In 2019, Texas passed legislation prohibiting waiving deductibles to address property insurance fraud within the roofing industry. The law increased the minimum deductible for windstorm and hail claims, making it more difficult for individuals to file fraudulent claims for minor roof damage.

In early 2022, roofing industry leaders across Texas formed a statewide committee to undergird the law’s efficacy, dubbed “The Don’t Fraud My Texas” initiative.

The Louisiana Department of Insurance recently issued an advisory to reinforce the mandates of legislation known as Act 389, which expands the definition of insurance fraud to stamp out storm chasers and unlicensed contractors posing as insurance professionals.

“A broker in New Jersey shared a story with me about a client who called and wanted to submit a claim for a new roof,” Delaney said. “When asked why, the woman said a contractor repairing a fence on her property told her she could submit a claim for a new roof, and he’d show her how. These are the challenges we’re up against.”

Insurers are also increasingly using technology and analytics to detect fraud, including drones and AI to assess roof damage and compare it against weather data. Some states have passed laws to curb roof fraud, such as Florida, where insurance fraud related to roofing repairs has been rampant due to frequent hurricanes.


Getting FORTIFIED

States have also begun passing laws or implementing building codes requiring homeowners to fortify their roofs to reduce damage and protect their homes.

Alabama has been a leader in adopting the Fortified Roof Standard, developed by the Insurance Institute for Business & Home Safety. The program requires specific roofing materials and installation methods to improve durability and reduce damage from severe weather events. Homes built or retrofitted under this program are eligible for lower insurance premiums.

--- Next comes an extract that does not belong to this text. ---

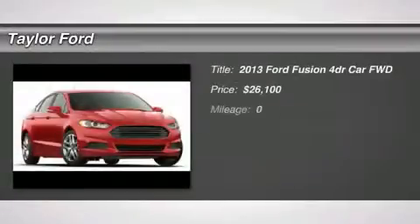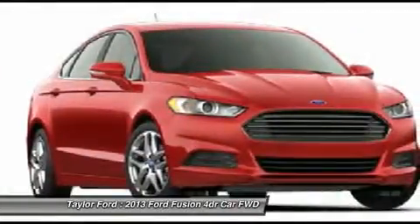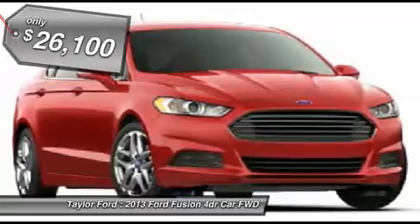The 2013 Ford Fusion. You can have both — impressive power and great economy in a Fusion. And it's priced below $30,000.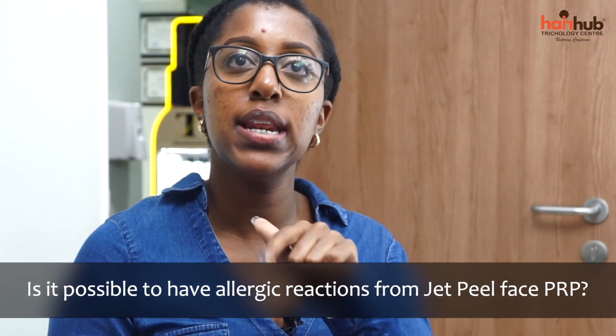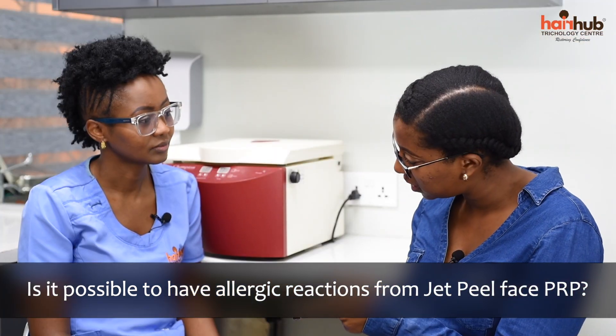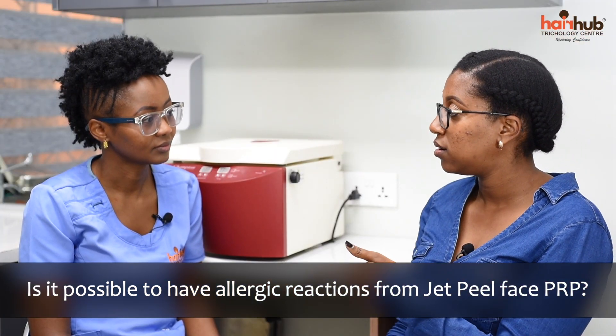It just gives you an opportunity to be a really good version of yourself. Is it possible to have any negative or allergic reactions from having a JetPeel Face PRP procedure? Allergic reactions are very rare — almost next to none — because we are using your own blood, your own growth factors, your own plasma. There is nothing external being used on your face; it's taken from your system, processed, and returned back into your skin. So allergic reactions are not expected.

Other states have beefed up their building codes to a degree that their requirements have become gold standards, the Sunshine State being among the most proactive. Florida now has some of the strictest building codes in the country, requiring roofs to meet specific wind resistance standards.

 “A lot of the claims are legit, but their carriers are spending a lot of money in the courts trying to fight claims that are fraudulent, and all that gets passed down to the premiums of the clients,” Delaney added. “It's [begun] raising everyone's premiums in general.”


*Updated at 4:15 p.m. EDT on 9/12/24 to reflect comment by J&K Roofing.